Exercise brief - The line containing "2-Pack Manual Hair" and each line after it, through the final line of the data, are to be retyped exactly, with pictures left out.
(Supplied data Opens)
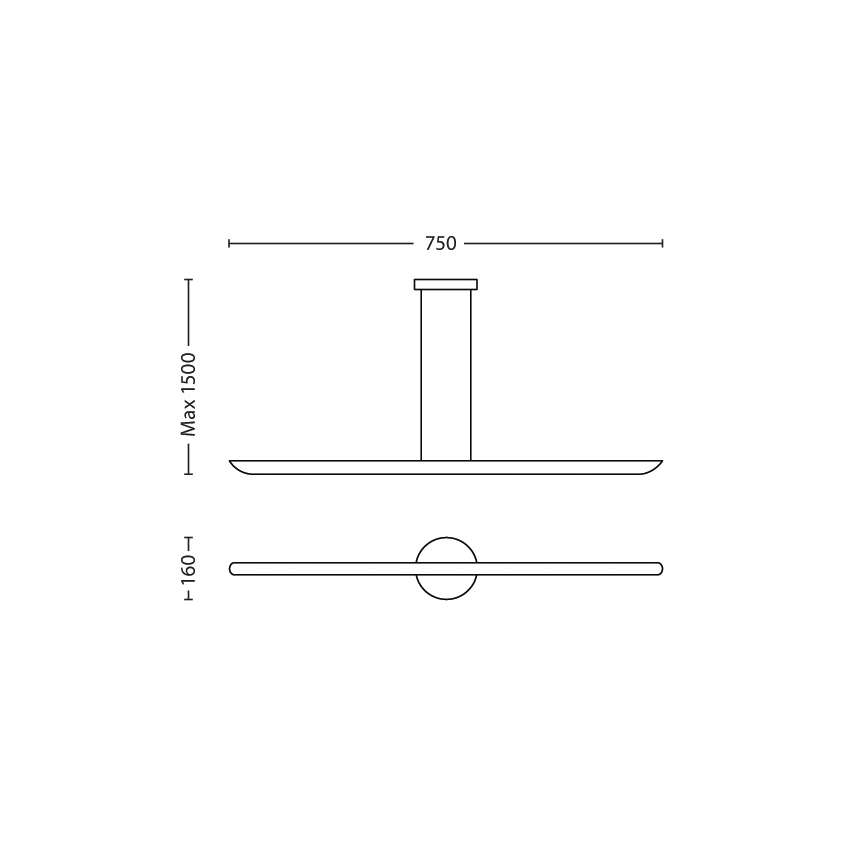 Philips 40747/48/16 - Himmennettävä LED-kattokruunu johdossa MYLIVING SELV 2xLED/7,5W/230V
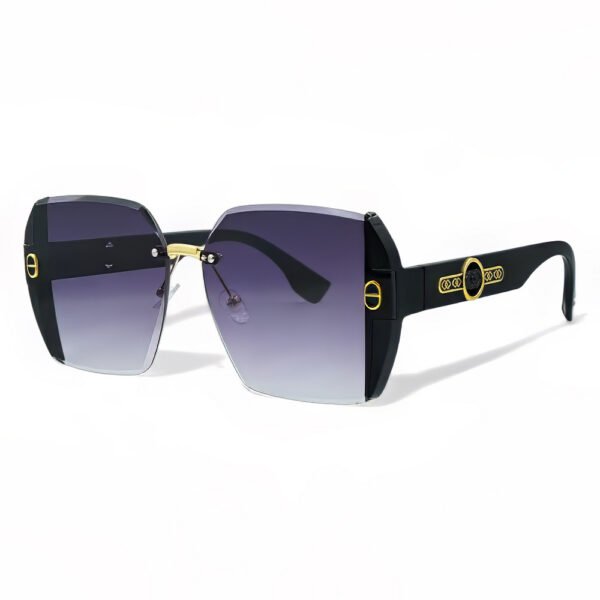 OPTOSQUAD Γυναικεία Γυαλιά Ηλίου UV400 Τετράγωνο με Μαύρο  Σκελετό και Μωβ ντεγκραντέ Φακό 10042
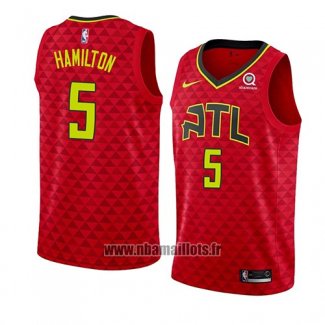 Maillot Atlanta Hawks Daniel Hamilton No 5 Statement 2018 Rouge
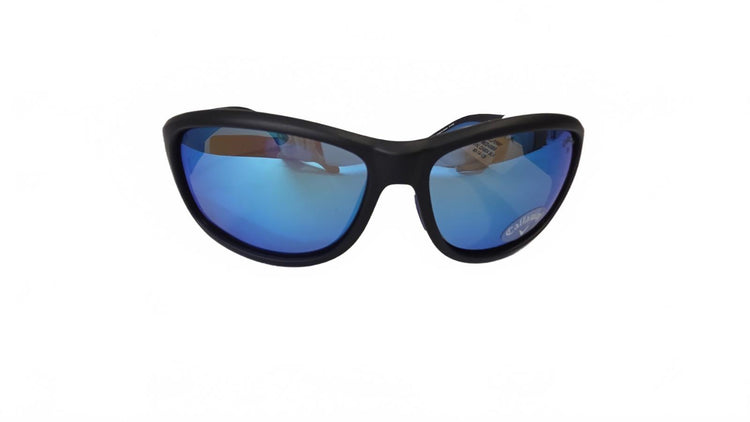 Callaway CA 804 Black/Blue Sunglasses 60-14-135 Full Rim Wrap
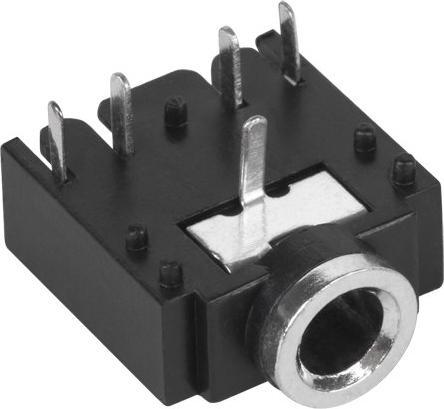 Cabletech Gniazdo Jack 3,5 mm stereo druk Cabletech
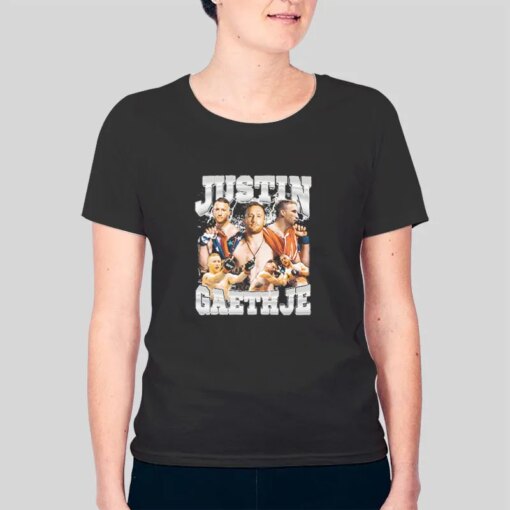 Fighter Boxer American Jiu Jitsu Justin Gaethje T Shirt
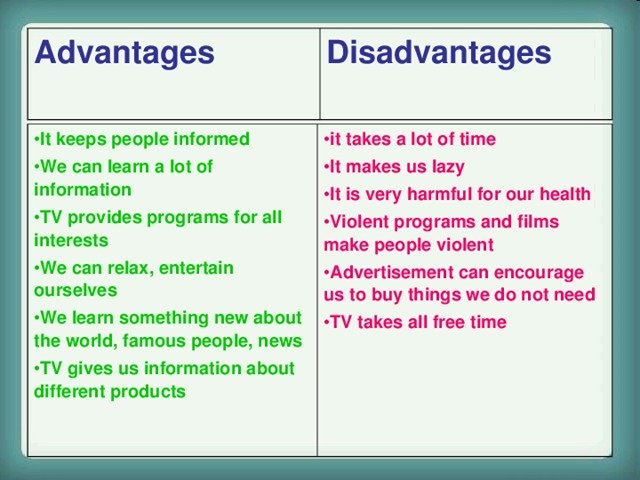 Tv questions. Таблица advantages disadvantages. Advantages and disadvantages of TV. Advantages and disadvantages of Internet.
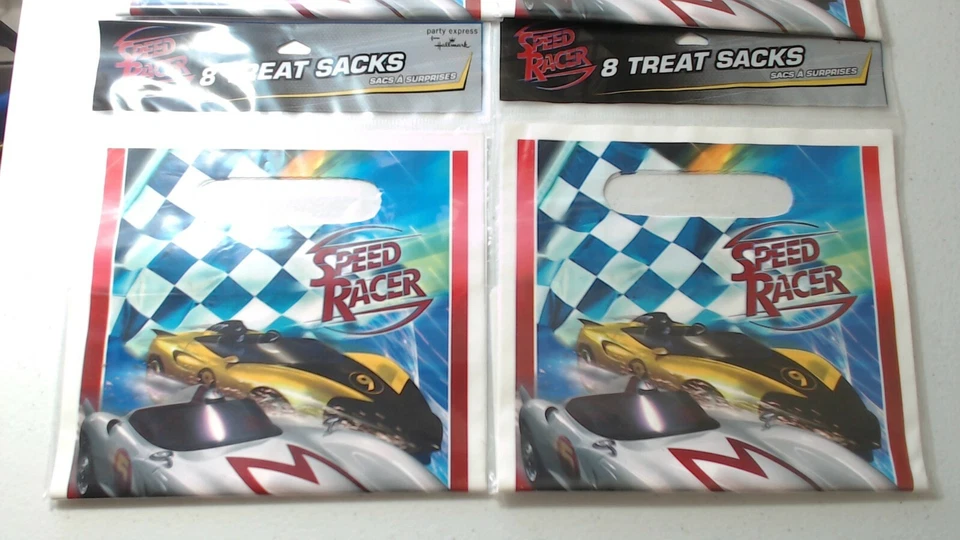32 BOLSAS Speed Racer Fiesta de Cumpleaños Golosinas Sello Bolsas de Botín CANDY NASCAR Foto 2 de 4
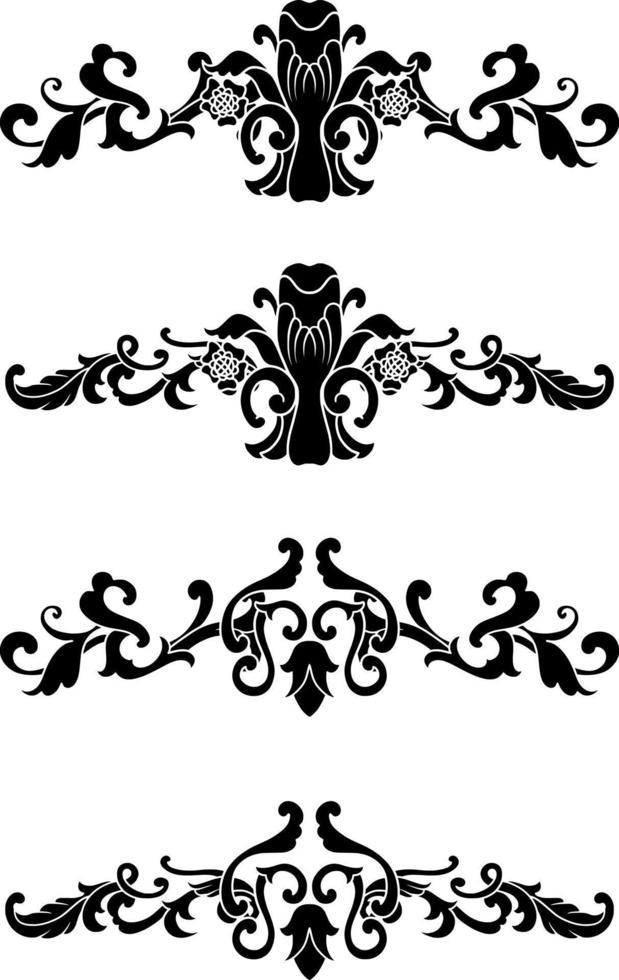 wijnoogst klassiek tekst scheidingsteken of grens decoratief ornament vector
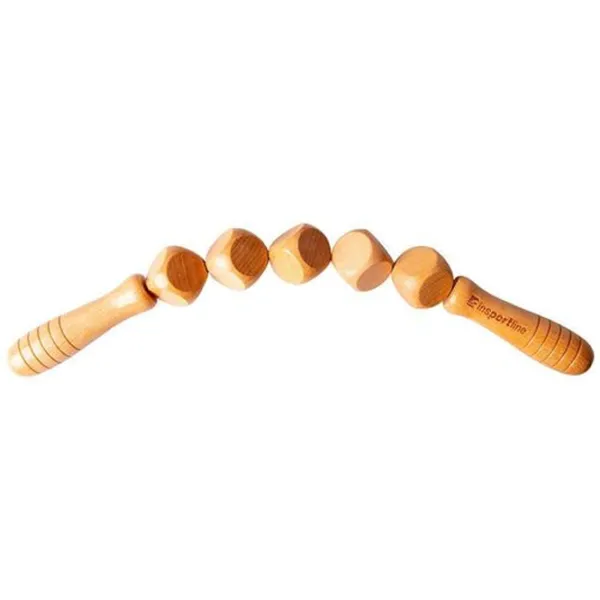 Bară de masaj Insportline IN25255  Lemn natural / Lemn photo 1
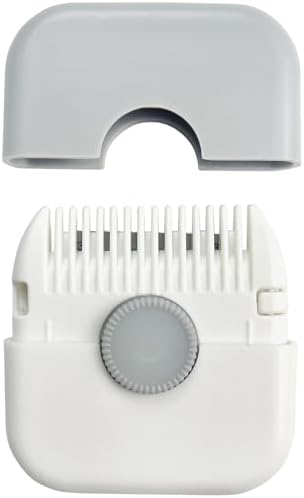 2-Pack Manual Hair Trimmer Comb, Double-Sided Razor and Comb for Women and Girls, Compact and Portable, Gray by Unknown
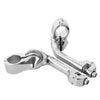 Harley Touring Chrome Long Angled Highway Crash Bar Foot Peg Mounts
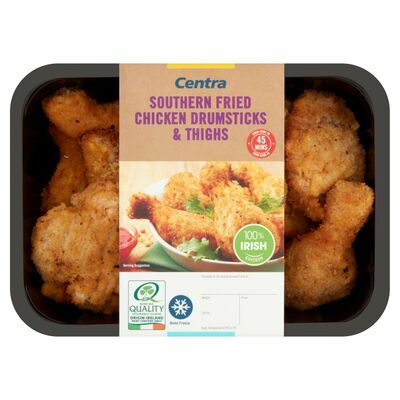 CENTRA FRESH IRISH SOUTHERN FRIED DRUMSTICK & THIGHS 1.08KG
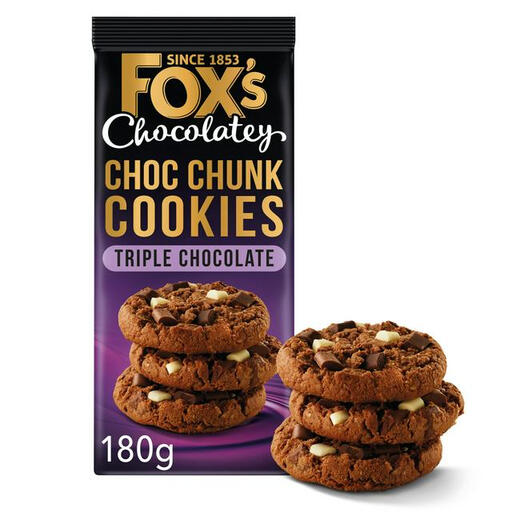 Fox's Triple Chocolate Chunkie Cookies 180g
(Supplied data Closes)
Answer -
 2-Pack Manual Hair Trimmer Comb, Double-Sided Razor and Comb for Women and Girls, Compact and Portable, Gray by Unknown
 Harley Touring Chrome Long Angled Highway Crash Bar Foot Peg Mounts
 CENTRA FRESH IRISH SOUTHERN FRIED DRUMSTICK & THIGHS 1.08KG
 Fox's Triple Chocolate Chunkie Cookies 180g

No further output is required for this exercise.